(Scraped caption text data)

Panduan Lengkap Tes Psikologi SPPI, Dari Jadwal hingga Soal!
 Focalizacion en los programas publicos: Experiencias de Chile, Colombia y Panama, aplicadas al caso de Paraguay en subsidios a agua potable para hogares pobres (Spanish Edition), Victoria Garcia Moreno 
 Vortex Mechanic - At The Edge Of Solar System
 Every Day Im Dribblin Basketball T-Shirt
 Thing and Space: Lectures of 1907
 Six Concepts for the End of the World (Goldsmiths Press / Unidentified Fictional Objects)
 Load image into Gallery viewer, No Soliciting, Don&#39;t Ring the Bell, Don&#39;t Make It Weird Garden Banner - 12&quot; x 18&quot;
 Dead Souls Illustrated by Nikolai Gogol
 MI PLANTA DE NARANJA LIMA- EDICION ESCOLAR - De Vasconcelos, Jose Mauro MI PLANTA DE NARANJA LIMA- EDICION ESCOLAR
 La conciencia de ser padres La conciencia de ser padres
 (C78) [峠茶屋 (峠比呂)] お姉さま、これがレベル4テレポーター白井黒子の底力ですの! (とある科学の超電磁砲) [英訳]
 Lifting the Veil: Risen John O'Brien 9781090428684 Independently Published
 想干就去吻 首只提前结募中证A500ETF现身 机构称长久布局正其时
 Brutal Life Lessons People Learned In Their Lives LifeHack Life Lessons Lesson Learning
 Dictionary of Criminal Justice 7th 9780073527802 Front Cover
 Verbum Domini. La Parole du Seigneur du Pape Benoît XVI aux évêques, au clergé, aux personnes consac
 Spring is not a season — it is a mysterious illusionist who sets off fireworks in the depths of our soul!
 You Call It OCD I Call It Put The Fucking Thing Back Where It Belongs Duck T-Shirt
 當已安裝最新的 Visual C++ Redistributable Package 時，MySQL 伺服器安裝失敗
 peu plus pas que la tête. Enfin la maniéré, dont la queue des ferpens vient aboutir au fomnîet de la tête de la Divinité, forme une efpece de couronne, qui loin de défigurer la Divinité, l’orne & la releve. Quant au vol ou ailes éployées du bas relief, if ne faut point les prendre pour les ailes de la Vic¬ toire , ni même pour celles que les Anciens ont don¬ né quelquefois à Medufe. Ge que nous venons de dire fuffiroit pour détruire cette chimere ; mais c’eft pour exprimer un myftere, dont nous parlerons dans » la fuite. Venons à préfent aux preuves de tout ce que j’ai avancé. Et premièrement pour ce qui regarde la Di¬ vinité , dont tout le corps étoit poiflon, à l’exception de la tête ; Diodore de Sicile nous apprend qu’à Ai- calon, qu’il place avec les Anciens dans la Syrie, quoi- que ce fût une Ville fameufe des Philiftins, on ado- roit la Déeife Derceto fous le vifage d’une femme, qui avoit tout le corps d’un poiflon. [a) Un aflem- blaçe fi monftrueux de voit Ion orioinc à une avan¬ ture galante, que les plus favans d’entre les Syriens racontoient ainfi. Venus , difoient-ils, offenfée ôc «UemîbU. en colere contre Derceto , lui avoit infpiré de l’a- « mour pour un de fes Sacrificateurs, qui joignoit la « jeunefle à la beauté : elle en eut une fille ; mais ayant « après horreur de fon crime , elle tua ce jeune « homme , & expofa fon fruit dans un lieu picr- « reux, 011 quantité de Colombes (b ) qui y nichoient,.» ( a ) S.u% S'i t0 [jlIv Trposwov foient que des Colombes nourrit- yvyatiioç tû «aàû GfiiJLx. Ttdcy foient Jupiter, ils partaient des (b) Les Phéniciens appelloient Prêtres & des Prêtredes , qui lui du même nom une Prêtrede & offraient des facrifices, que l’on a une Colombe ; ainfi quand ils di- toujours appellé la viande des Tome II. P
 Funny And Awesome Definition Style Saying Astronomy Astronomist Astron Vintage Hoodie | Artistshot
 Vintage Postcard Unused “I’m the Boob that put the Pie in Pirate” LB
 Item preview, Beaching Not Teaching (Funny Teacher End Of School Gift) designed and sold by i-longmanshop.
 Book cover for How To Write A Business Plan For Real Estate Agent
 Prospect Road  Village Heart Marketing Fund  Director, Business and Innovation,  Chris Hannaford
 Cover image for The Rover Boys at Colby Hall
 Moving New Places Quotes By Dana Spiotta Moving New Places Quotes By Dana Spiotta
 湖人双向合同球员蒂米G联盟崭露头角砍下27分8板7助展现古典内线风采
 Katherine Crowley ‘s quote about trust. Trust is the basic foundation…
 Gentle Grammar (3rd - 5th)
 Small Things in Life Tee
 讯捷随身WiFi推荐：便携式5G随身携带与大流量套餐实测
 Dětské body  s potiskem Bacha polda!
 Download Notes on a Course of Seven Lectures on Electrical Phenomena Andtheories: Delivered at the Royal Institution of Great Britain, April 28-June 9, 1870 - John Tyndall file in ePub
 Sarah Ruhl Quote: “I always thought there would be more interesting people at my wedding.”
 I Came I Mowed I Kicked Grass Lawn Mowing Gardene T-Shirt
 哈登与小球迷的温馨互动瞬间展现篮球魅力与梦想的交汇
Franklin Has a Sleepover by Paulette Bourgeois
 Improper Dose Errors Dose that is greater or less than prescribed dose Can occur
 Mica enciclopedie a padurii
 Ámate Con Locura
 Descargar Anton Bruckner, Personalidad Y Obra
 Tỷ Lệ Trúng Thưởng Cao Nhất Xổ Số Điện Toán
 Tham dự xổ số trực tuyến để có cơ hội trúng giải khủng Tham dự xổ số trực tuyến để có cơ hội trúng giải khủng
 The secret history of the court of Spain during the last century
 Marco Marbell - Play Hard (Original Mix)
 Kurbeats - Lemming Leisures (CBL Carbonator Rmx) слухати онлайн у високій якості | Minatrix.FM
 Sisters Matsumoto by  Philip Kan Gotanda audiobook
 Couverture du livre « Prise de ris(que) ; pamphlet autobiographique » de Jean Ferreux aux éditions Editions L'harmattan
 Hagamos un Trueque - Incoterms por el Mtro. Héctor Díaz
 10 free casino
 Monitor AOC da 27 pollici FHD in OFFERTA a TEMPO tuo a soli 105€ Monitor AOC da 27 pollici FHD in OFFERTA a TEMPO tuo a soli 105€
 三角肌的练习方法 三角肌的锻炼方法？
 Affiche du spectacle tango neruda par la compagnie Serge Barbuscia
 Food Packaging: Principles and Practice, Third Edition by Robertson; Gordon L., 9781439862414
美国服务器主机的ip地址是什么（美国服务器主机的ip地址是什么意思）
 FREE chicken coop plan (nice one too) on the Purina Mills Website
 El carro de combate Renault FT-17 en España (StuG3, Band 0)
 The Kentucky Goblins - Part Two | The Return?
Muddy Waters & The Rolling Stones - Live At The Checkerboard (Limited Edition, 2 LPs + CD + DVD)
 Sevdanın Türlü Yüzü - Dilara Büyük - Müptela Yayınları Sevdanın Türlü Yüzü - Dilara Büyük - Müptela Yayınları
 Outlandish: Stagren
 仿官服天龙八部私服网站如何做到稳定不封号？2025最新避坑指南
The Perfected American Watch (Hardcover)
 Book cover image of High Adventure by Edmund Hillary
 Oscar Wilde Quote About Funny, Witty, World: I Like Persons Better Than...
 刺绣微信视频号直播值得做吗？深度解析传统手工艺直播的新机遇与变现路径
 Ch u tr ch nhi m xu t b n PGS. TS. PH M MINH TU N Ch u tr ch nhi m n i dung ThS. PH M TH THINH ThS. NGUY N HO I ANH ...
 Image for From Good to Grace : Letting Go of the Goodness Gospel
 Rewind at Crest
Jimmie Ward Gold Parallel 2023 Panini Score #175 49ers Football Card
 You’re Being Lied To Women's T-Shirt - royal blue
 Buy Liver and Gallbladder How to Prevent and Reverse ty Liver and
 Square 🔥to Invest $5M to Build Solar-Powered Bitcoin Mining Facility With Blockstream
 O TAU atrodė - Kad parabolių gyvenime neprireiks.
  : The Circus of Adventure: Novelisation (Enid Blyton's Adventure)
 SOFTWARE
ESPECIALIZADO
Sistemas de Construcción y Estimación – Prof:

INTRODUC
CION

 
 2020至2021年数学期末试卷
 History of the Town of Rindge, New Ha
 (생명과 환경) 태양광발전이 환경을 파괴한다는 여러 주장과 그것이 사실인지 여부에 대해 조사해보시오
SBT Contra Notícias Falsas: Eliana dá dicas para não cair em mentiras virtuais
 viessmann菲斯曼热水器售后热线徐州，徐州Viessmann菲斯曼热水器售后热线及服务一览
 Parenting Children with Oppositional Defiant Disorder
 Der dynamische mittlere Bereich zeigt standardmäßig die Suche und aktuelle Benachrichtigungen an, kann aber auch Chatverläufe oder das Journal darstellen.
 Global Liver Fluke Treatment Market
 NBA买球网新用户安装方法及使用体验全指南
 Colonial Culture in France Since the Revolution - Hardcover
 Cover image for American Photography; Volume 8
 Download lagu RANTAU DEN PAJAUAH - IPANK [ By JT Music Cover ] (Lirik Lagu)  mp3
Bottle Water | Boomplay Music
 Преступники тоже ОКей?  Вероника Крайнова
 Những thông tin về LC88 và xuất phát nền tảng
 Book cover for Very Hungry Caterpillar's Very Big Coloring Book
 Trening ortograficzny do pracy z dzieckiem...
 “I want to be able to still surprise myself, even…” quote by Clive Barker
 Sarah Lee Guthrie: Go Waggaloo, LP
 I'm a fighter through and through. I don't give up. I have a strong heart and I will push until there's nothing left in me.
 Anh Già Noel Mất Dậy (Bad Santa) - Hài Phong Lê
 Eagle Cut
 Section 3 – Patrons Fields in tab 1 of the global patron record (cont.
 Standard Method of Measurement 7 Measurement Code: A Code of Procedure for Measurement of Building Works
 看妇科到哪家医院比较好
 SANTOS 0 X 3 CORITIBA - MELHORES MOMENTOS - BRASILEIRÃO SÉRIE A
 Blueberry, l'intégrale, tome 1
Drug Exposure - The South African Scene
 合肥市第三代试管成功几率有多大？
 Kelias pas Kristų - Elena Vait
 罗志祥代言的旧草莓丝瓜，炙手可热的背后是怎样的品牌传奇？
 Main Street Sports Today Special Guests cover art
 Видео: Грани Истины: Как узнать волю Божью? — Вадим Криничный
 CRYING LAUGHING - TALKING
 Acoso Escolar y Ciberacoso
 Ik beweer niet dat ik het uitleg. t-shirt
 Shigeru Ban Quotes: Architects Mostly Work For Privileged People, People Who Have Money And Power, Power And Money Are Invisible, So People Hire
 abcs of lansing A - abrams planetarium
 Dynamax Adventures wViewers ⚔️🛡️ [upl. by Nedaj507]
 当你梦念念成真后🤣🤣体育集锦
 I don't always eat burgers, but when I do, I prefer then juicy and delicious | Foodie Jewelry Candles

Description of the task:
Find each line above that contains "Hardcover", and copy those lines.

Problem solution:
The Perfected American Watch (Hardcover)
 Colonial Culture in France Since the Revolution - Hardcover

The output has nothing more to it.